José Adán [email protected]

La naturaleza no se quedó de vacaciones en Semana Santa y se manifestó de dos maneras distintas en los días santos, precisamente el jueves. Ese día hubo temblor y lluvias prematuras.

El Instituto Nicaragüense de Estudios Territoriales (INETER), a través de la Red Sísmica Nacional y de Departamento de Sismología, reportó que un fuerte sismo con magnitud 5.7 grados en la escala Richter, azotó las costas del Pacífico nicaragüense en momentos en que miles de veraneantes disfrutaban de las saladas aguas océanas.
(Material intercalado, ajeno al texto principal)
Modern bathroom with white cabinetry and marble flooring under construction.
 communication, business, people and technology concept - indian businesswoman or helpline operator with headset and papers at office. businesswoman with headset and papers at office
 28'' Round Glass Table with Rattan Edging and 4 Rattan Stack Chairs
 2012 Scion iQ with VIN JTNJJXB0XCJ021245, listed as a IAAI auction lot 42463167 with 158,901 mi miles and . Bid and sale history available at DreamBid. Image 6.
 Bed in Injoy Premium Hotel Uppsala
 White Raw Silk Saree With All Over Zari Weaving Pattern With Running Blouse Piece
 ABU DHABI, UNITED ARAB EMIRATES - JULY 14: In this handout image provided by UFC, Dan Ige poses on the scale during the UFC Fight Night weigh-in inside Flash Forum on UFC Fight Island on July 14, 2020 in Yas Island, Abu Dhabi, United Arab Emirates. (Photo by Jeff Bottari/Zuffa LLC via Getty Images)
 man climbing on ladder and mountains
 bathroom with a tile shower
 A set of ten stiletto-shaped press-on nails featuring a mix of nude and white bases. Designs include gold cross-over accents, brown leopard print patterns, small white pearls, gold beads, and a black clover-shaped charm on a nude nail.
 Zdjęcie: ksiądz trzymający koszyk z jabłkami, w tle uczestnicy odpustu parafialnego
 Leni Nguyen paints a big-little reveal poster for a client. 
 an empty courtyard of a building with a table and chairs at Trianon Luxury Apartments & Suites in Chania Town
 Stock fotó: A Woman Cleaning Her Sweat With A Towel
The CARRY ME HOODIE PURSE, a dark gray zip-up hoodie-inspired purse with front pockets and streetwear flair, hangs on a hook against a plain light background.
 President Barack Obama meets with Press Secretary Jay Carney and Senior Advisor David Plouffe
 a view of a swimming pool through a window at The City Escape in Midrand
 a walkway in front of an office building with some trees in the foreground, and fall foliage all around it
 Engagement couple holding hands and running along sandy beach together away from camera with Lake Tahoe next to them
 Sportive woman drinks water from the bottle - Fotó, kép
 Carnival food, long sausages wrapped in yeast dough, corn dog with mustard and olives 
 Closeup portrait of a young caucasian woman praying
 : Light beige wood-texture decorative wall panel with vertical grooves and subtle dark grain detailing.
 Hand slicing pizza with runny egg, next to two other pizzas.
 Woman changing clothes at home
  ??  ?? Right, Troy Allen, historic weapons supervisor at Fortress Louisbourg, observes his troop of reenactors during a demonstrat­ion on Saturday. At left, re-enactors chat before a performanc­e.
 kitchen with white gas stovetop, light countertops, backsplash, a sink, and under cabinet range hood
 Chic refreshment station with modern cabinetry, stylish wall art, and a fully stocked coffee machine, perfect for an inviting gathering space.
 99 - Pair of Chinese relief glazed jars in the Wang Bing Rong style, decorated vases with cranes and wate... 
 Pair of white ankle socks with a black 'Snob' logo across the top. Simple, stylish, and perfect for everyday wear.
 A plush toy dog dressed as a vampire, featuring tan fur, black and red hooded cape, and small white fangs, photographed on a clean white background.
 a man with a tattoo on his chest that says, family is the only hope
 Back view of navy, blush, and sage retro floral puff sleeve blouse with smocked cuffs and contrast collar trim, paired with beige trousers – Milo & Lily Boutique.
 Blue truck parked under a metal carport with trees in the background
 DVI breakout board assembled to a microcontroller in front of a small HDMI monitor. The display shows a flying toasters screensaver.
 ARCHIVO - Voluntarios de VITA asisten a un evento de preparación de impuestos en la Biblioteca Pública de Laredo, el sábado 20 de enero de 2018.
El temblor, que no provocó daños ni causó víctimas mortales, se sintió a las 2 y 25 minutos de la tarde del jueves 12 de abril. Su epicentro fue localizado a los 12.15 grados latitud norte, y 86.85 grados longitud oeste, a 65 kilómetros de Managua, propiamente frente a las costas de Puerto Sandino.

El sismo tuvo una profundidad de 95 kilómetros y se trató, según la explicación técnica de INETER, de un evento relacionado con los procesos tectónicos del choque entre las placas de Coco y Caribe.

Aunque el sismo se sintió en todo el Pacífico nicaragüense, no hubo mayores daños que el susto de algunos bañistas que al sentir el movimiento telúrico, salieron rápido del mar ante el temor de un maremoto como el de 1992.

LLUVIA SORPRESA

Pero la Madre Naturaleza no sólo hizo temblar la tierra, también la remojó con un pequeño aguacero que cayó en algunos sectores de Managua entre las cinco y media y seis de la tarde de ese jueves.

El día había estado soleado y con temperaturas entre los 34 y 36 grados centígrados, cuando de pronto, nubes negras cargadas de agua oscurecieron la tarde, mientras rápidas ráfagas de aire levantaban tolvaneras.

En cosa de minutos, una lluvia amarga remojó por espacio de media hora algunos sectores de la capital.

La lluvia agarró desprevenidos a muchos transeúntes que, de pronto, y en pleno verano, vieron cómo se les venía encima el pequeño aguacero que, aunque no fue intenso, sí duró lo suficiente como para remojar a quienes salieron a las calles luciendo sus mejoras ropas.